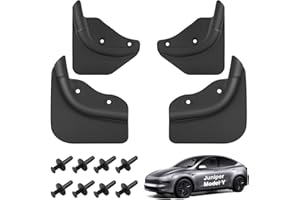 Safotad 2025 Tesla New Model Y Juniper Mud Flaps, No Drill Splash Guards Car Accessories, All Weather Custom Fit Tesla Exterior Mud Guards Body Kits for Road Debris & Paint Protection (Set of 4)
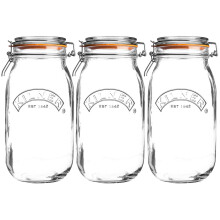 Kilner 3pcs Clip Top Round 3L Glass Food Storage Coffee Flour Holder Kitchenware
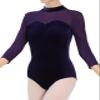 Dance Elite - Pia - Velvet & Net Dance Leotard For Women. Leotards for Women Ballet and Dance (Dark Purple, Adult S) view 1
____________________
[What you have to do]:
Starting at the line that contains "Kilner 3pcs Clip" and ending with the last line of the data, transcribe every line exactly; skip the pictures.

[Answer space]:
 Kilner 3pcs Clip Top Round 3L Glass Food Storage Coffee Flour Holder Kitchenware
 Dance Elite - Pia - Velvet & Net Dance Leotard For Women. Leotards for Women Ballet and Dance (Dark Purple, Adult S) view 1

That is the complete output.